Lindsay Anderson: A Personal Remembrance by Malcolm McDowell, ****
Traverse

SOMETIMES the various festivals come together to demonstrate exactly how false and artificial the division between the different art forms is.

Malcolm McDowell, the acclaimed film and theatre actor, reading from various published diaries and books about Lindsay Anderson, director of both film and theatre, was just such an occasion. Film, Fringe and book festivals all came together to create something much more than a show. It was an event.

McDowell is, in his own right, a fascinating talent. Notoriously, he was Alex in A Clockwork Orange. But it was with Lindsay Anderson that he first appeared on the silver screen.
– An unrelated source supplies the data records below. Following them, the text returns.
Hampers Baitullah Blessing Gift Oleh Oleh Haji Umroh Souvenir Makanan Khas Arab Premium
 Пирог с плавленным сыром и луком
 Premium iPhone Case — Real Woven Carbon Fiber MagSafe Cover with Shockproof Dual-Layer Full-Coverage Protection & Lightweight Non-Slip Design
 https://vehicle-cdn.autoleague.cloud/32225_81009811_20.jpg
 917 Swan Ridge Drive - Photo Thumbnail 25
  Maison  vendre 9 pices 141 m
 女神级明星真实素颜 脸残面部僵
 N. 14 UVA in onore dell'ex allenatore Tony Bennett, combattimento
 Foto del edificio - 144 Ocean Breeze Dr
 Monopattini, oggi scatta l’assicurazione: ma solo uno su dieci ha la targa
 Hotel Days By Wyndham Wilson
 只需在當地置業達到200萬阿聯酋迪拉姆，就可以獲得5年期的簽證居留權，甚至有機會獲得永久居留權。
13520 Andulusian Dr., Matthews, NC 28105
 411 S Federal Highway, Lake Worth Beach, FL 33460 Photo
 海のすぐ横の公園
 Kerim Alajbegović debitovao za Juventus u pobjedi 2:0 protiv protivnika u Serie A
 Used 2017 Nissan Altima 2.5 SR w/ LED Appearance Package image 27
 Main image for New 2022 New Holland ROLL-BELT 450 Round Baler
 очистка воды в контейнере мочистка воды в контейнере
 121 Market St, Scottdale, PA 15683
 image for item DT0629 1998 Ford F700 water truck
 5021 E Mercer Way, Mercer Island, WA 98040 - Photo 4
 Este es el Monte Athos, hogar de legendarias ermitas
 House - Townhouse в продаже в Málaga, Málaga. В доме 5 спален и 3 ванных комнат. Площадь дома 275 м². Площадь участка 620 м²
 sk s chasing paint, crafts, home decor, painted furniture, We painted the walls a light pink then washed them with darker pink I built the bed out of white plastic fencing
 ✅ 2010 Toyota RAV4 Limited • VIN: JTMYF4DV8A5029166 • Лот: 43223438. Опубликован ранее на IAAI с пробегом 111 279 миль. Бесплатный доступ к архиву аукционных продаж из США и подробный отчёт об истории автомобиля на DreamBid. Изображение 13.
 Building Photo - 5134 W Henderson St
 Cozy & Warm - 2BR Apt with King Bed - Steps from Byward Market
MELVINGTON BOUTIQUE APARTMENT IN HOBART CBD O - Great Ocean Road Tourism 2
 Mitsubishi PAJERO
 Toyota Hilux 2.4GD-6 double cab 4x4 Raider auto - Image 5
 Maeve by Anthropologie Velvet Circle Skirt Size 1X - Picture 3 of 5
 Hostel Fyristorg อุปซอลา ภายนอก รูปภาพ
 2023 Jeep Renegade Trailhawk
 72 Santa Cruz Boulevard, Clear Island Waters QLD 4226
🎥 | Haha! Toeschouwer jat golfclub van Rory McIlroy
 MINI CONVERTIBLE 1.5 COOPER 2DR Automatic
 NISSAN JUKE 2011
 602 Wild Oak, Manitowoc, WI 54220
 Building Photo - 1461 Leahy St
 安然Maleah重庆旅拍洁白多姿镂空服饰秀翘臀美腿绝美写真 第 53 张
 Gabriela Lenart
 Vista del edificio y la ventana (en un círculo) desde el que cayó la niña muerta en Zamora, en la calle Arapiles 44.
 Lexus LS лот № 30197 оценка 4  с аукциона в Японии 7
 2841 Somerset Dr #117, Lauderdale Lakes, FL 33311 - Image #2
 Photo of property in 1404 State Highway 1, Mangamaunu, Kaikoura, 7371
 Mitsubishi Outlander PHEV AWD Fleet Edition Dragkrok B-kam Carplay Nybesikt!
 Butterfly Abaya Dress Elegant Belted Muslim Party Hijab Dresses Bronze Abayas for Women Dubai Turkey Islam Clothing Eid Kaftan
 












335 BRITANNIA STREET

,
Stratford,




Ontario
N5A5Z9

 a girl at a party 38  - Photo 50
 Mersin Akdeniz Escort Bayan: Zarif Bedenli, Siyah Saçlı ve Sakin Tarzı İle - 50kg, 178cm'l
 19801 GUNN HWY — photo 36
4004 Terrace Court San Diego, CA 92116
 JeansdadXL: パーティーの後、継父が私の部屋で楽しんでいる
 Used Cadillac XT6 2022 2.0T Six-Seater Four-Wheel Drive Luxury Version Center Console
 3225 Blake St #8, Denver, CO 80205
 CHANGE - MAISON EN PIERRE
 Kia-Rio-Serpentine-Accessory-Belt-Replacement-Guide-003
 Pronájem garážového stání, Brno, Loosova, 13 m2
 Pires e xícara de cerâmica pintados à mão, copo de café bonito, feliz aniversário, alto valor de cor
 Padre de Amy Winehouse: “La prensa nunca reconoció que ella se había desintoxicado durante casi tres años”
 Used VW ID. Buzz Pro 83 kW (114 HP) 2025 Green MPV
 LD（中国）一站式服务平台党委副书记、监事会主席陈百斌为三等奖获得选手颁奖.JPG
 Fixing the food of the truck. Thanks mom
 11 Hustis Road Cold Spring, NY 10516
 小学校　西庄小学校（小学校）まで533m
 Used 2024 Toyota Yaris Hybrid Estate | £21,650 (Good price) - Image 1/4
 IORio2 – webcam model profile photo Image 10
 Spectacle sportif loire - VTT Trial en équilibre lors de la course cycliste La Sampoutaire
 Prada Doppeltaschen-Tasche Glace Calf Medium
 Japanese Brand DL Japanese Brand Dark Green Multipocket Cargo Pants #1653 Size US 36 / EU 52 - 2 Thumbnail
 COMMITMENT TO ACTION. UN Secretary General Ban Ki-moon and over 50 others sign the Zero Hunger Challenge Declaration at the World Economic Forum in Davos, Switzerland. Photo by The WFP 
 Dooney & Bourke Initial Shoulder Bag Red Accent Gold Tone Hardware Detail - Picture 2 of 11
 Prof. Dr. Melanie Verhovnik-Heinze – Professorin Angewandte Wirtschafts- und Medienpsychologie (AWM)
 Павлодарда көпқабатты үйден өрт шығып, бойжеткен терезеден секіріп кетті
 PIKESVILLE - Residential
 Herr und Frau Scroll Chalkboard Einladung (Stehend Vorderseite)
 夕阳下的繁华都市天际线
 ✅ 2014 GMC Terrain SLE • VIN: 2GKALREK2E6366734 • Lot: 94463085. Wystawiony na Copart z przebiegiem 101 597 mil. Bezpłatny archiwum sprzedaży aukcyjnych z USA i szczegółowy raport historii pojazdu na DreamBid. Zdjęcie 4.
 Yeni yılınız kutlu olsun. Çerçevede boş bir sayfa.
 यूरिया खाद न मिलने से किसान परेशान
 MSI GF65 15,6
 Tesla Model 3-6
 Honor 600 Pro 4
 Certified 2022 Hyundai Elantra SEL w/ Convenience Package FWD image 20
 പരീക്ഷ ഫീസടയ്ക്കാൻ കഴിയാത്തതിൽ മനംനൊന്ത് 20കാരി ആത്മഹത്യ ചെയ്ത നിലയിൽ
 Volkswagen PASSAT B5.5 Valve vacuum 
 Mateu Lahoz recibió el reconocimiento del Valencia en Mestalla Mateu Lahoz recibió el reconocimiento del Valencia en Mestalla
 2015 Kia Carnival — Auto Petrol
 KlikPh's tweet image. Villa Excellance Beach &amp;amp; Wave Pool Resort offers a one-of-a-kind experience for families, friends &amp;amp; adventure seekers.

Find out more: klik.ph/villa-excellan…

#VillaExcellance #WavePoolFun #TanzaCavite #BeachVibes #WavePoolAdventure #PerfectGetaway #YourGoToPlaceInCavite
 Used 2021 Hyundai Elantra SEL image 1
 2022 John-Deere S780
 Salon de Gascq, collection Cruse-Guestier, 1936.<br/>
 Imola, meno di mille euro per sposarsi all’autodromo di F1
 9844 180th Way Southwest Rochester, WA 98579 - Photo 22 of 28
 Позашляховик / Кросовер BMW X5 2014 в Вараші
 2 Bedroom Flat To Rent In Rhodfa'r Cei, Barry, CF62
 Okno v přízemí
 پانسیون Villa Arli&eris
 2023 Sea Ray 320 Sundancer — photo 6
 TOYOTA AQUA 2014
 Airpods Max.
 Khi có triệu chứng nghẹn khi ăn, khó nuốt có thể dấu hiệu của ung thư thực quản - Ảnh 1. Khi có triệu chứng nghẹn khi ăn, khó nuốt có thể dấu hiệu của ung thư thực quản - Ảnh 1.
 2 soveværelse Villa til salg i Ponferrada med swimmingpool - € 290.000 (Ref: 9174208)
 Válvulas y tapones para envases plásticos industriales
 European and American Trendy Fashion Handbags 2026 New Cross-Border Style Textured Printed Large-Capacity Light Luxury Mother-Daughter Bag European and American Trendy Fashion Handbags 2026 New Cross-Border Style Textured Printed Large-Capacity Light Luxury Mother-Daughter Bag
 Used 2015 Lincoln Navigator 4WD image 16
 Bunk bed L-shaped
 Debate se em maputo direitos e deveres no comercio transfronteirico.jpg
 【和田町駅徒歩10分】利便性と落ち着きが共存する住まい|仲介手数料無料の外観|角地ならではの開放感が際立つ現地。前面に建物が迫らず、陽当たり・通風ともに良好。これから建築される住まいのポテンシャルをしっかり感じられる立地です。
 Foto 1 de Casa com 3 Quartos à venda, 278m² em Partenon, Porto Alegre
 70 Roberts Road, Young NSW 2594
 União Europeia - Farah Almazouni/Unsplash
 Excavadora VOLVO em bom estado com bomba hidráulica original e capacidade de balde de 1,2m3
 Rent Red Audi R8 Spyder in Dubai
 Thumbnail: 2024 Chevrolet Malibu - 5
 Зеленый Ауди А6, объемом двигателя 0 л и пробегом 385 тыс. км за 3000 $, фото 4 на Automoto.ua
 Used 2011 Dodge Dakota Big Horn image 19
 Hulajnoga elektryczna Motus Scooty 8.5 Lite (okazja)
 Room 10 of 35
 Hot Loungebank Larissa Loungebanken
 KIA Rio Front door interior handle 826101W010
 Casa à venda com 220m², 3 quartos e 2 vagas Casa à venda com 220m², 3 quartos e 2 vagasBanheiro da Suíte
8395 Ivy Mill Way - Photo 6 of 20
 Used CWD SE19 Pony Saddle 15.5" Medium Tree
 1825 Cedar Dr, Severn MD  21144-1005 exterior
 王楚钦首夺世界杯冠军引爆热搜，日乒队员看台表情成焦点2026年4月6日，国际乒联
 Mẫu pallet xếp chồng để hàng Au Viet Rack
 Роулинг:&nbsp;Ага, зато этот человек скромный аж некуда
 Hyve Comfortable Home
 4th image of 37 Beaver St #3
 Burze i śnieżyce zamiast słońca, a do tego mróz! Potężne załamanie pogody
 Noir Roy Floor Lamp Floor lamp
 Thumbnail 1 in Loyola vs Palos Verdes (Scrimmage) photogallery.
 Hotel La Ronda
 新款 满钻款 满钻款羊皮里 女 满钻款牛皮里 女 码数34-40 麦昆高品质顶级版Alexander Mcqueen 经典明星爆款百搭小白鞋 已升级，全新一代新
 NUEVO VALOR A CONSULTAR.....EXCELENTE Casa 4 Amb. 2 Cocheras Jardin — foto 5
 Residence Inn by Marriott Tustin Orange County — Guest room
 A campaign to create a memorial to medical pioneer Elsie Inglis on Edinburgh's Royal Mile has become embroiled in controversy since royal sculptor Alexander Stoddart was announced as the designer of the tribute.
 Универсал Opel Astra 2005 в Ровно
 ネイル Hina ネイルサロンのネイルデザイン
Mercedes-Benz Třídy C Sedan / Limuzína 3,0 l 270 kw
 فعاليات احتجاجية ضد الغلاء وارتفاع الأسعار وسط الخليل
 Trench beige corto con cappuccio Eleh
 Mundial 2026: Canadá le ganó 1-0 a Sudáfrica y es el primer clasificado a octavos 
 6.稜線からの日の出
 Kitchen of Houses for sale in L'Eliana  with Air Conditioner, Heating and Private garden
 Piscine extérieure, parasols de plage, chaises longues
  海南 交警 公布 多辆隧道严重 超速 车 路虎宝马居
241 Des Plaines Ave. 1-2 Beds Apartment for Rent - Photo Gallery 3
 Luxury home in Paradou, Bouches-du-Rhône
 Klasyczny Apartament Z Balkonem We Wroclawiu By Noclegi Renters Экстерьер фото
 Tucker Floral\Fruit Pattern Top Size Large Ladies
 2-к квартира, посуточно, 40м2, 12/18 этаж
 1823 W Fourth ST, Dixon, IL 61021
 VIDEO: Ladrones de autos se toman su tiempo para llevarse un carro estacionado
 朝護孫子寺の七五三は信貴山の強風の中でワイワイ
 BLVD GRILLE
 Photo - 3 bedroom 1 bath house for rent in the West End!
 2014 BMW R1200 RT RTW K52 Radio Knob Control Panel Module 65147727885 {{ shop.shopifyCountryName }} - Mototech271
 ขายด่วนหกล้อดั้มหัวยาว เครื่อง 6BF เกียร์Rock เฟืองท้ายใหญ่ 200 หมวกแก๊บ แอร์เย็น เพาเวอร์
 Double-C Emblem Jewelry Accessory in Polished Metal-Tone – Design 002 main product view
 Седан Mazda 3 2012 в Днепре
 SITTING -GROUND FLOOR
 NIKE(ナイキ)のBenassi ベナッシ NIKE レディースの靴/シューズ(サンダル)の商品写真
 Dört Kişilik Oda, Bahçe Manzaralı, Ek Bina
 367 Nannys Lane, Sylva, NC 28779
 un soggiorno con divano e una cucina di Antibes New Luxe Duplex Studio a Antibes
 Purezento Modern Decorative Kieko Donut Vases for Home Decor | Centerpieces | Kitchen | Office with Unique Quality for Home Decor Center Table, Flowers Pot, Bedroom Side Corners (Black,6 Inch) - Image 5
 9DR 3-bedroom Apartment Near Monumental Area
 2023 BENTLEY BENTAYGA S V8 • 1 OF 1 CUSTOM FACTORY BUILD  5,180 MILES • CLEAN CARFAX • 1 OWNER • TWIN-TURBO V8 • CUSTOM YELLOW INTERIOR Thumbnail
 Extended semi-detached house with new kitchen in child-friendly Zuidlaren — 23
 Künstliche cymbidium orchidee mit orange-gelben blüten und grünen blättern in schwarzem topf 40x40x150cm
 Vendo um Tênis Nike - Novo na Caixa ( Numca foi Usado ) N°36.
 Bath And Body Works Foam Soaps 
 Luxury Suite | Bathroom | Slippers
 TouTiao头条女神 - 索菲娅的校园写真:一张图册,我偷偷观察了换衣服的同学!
McDowell had been a struggling actor at the Royal Court until he auditioned for a role in If..., the 1968 movie about rebellion in a public school, which became a modern classic and caught the zeitgeist of the late 1960s.

Watching the films is one thing. But to see McDowell in the flesh, reminiscing about his work and using his memories to bring one of the great directors of 20th-century Britain to life is really a special experience. Interspersing written stories about Anderson with his own memories of the same incident might have caused the event to overrun, but it certainly gave it depth and passion.

McDowell read Lindsay Anderson’s account of his last meeting with the great American film director, Robert Ford, when Ford was dying of cancer.

And suddenly you understood that this was a man who knew humility. Which is a rare commodity, in any artform.